------ Data to examine

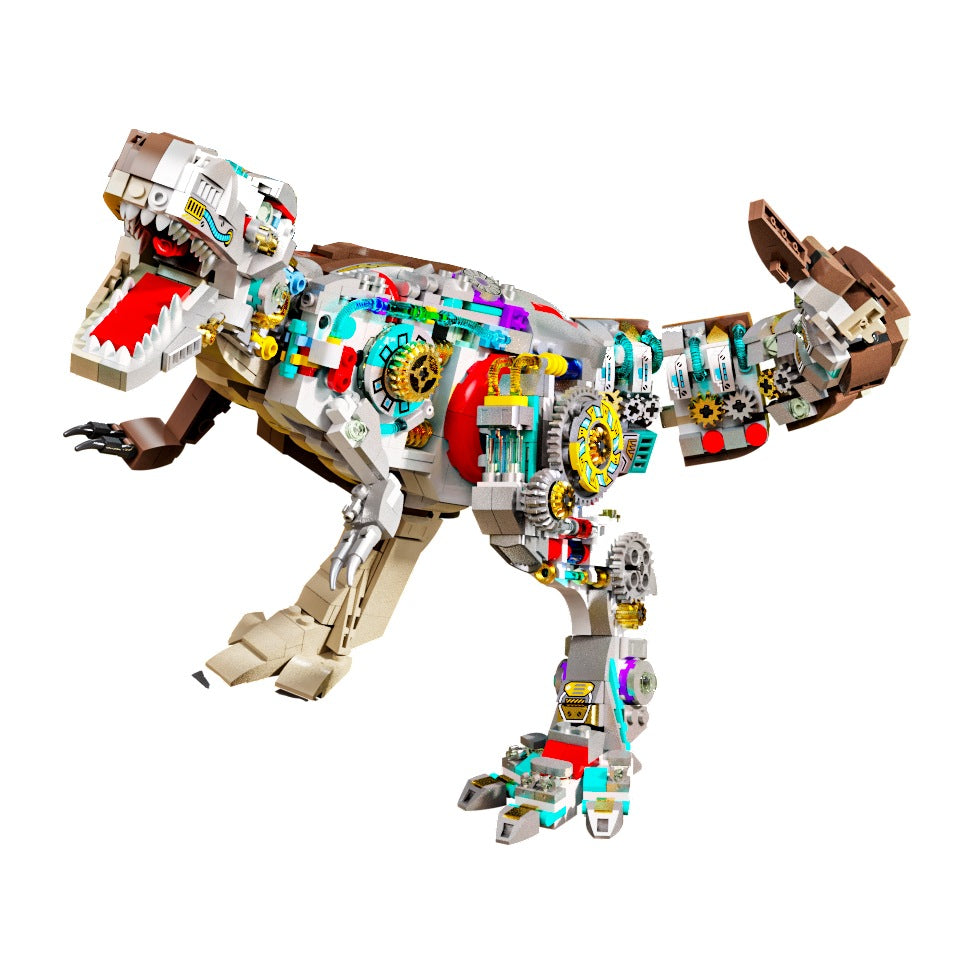 Semi-Mechanical T-Rex – MJI 13050 motorised building set – assembled semi-mechanical T-Rex (half skin, half mechanical side), on a white background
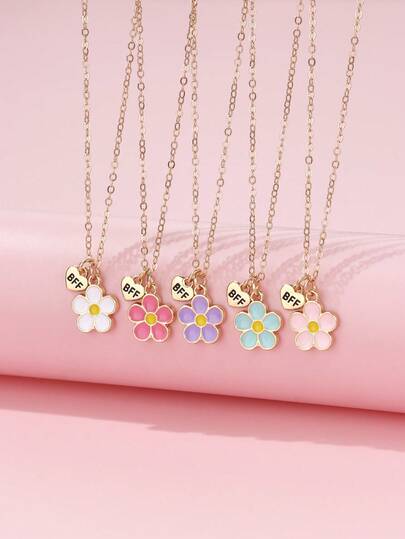 5pcs Girls Zinc Alloy Colorful Enamel Flower Shaped Pendant Necklace Set With BFF Heart Shaped Charm, Suitable For Daily Life And Wear With Friends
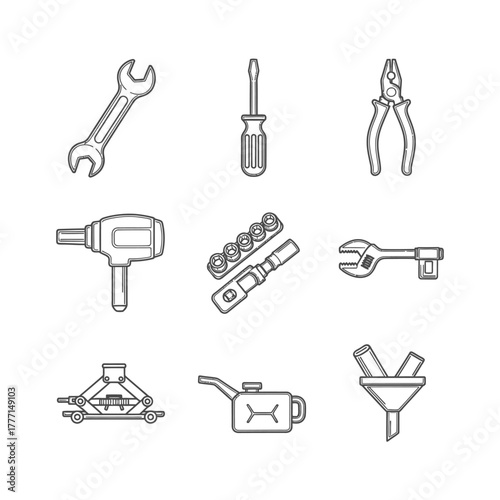 Car service and auto repair tool icon set. A line art collection representing the concept of vehicle maintenance and garage equipment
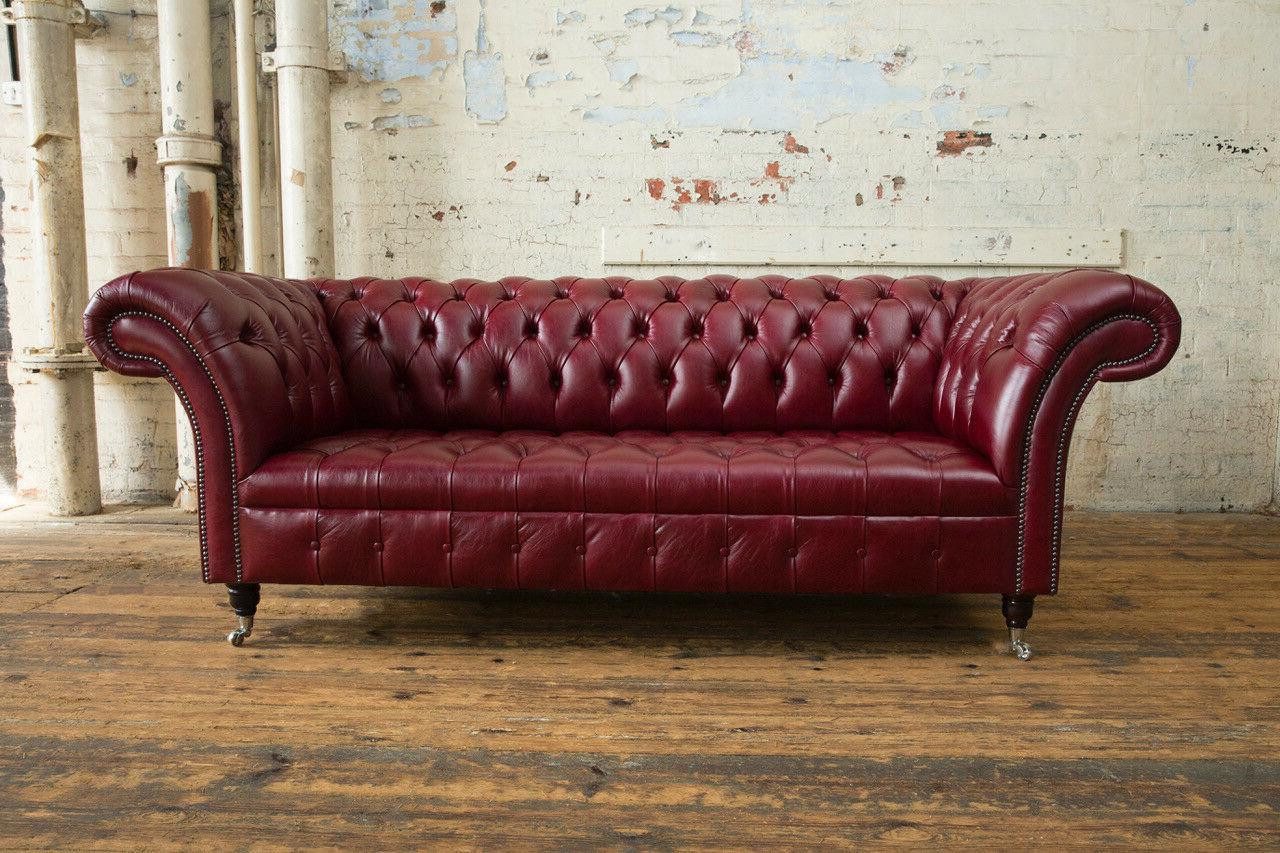 Xlmoebel Chesterfield-Sofa Chesterfield Ledercouch Polster Sofa 225cm 3-Sitzer, 1 Teile, Hergestellt in Europa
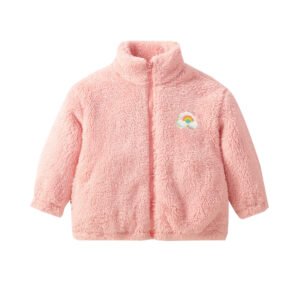 Q30791 Boys Girls Long Sleeve Soft Fuzzy Fleece Sherpa Full-zip Jacket Infant Baby warm Outwear solid fleece coart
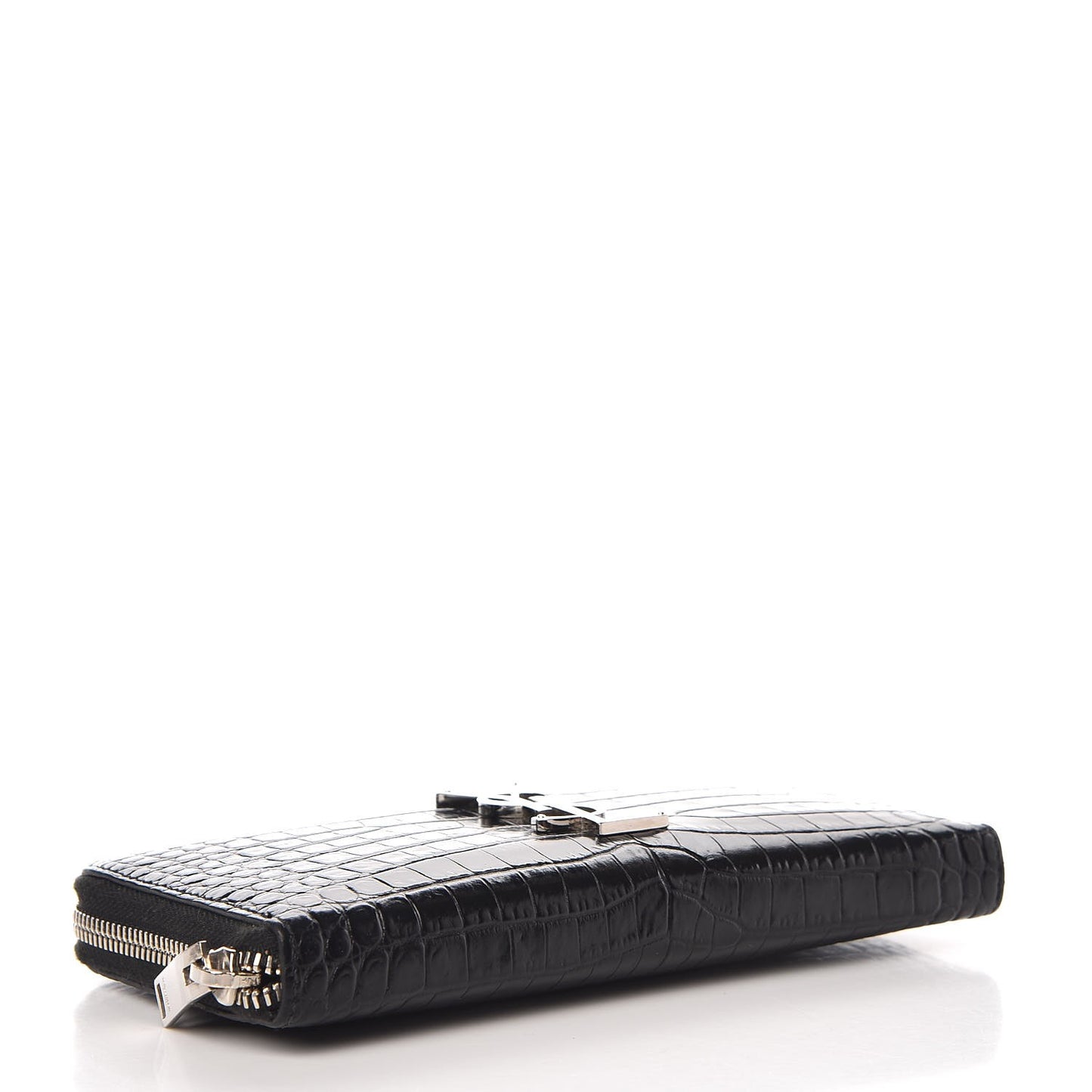 Calfskin Crocodile Embossed Monogram Zip Around Wallet Black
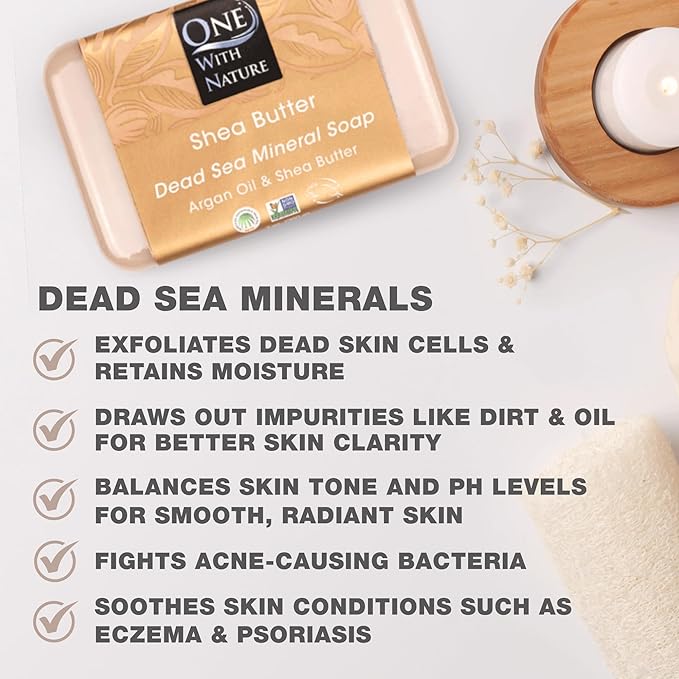 One With Nature Dead Sea Salt Shea Butter Soap 7oz 3-Pack – Purifying and Exfoliating Soap Bar with Dead Sea Minerals for Face & Body, for Men & Women
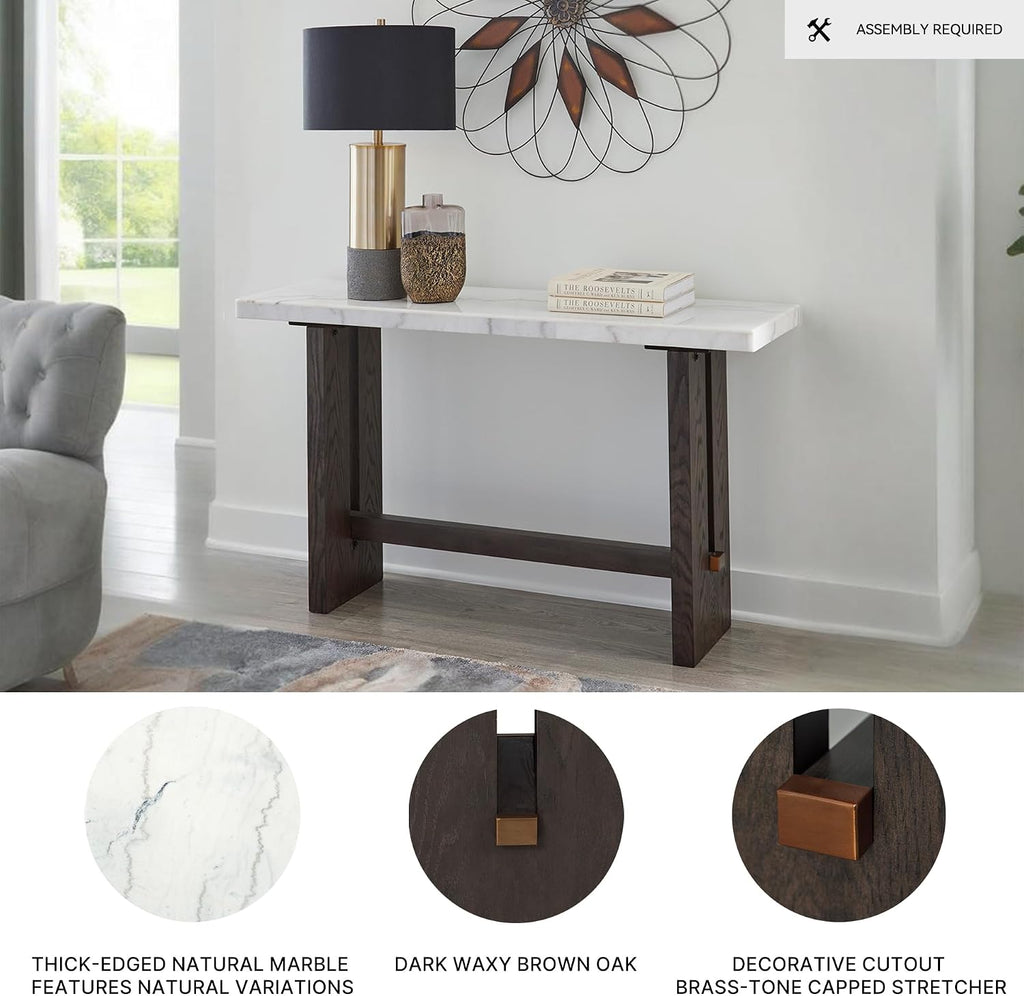 Signature Design by Ashley Burkhaus Traditional Rectangular Sofa Table with Marble Tabletop, Dark Brown & White
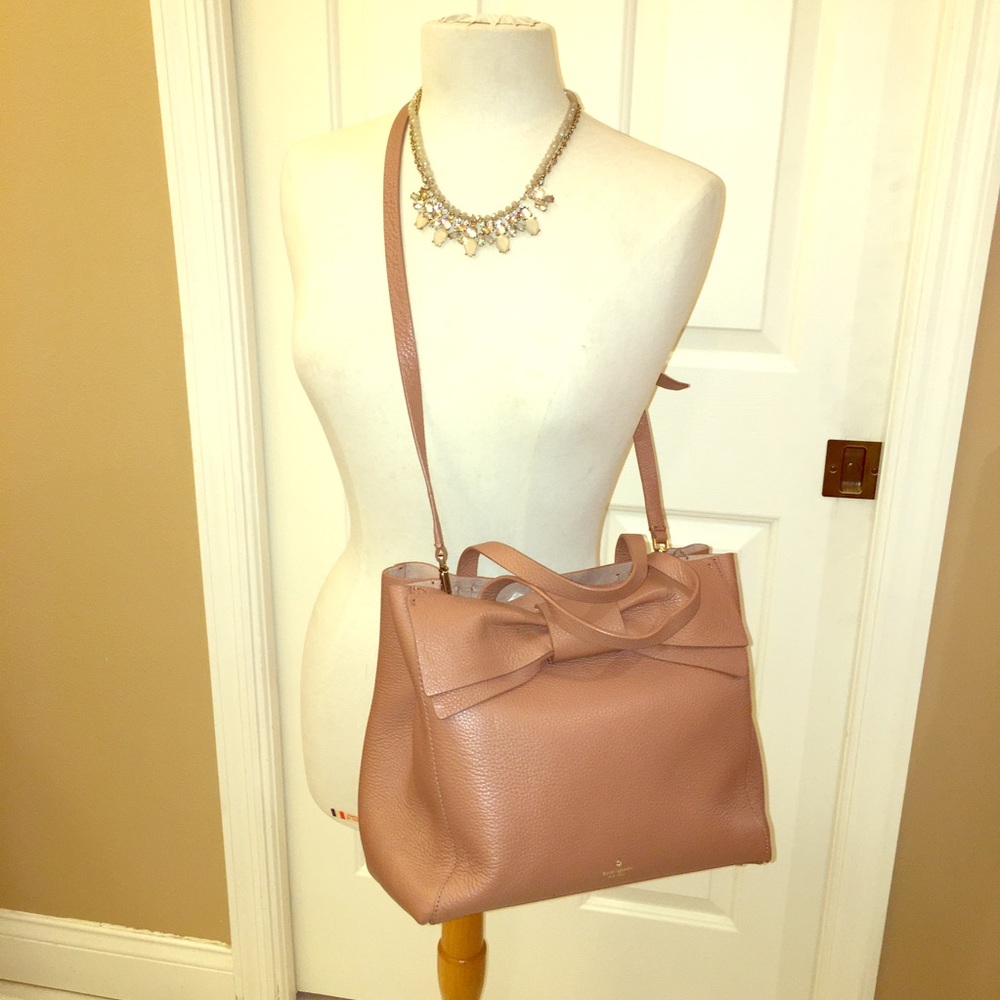 Pretty Kate Spade brigette olive drive crossbody bow bag, taupey-rose - Picture 2 of 7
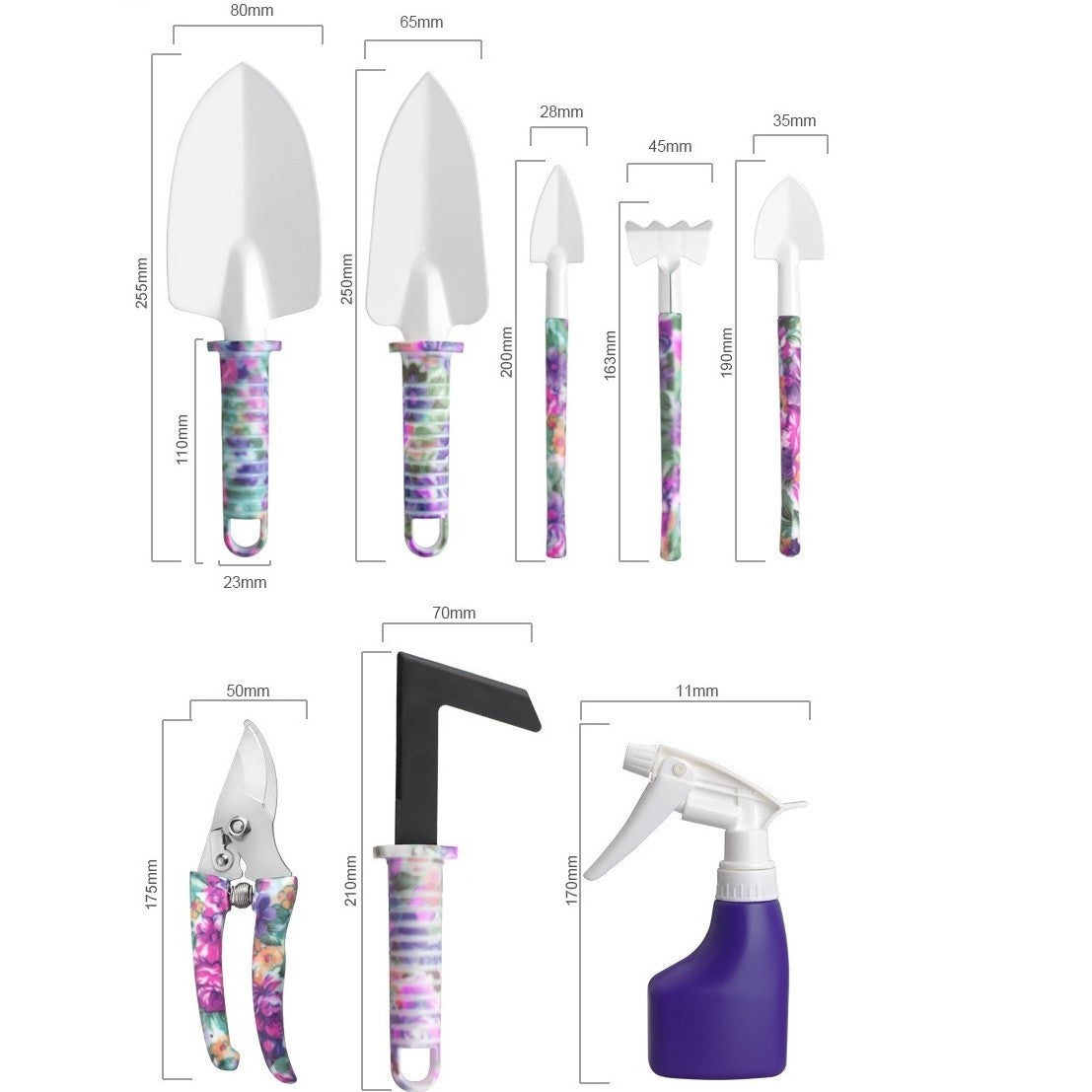 Set 10 Accesorii Pentru Gradinarit , Geanta Depozitare Inclusa, Otel Inoxidabil, 37 x 28 Cm, Mov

------------

Required work: Exclude every picture and copy the remaining data exactly.

Response area:
 Semi-Mechanical T-Rex – MJI 13050 motorised building set – assembled semi-mechanical T-Rex (half skin, half mechanical side), on a white background
 5pcs Girls Zinc Alloy Colorful Enamel Flower Shaped Pendant Necklace Set With BFF Heart Shaped Charm, Suitable For Daily Life And Wear With Friends
 Car service and auto repair tool icon set. A line art collection representing the concept of vehicle maintenance and garage equipment
 Xlmoebel Chesterfield-Sofa Chesterfield Ledercouch Polster Sofa 225cm 3-Sitzer, 1 Teile, Hergestellt in Europa
 Q30791 Boys Girls Long Sleeve Soft Fuzzy Fleece Sherpa Full-zip Jacket Infant Baby warm Outwear solid fleece coart
 Calfskin Crocodile Embossed Monogram Zip Around Wallet Black
 One With Nature Dead Sea Salt Shea Butter Soap 7oz 3-Pack – Purifying and Exfoliating Soap Bar with Dead Sea Minerals for Face & Body, for Men & Women
 Signature Design by Ashley Burkhaus Traditional Rectangular Sofa Table with Marble Tabletop, Dark Brown & White
 Pretty Kate Spade brigette olive drive crossbody bow bag, taupey-rose - Picture 2 of 7
 Set 10 Accesorii Pentru Gradinarit , Geanta Depozitare Inclusa, Otel Inoxidabil, 37 x 28 Cm, Mov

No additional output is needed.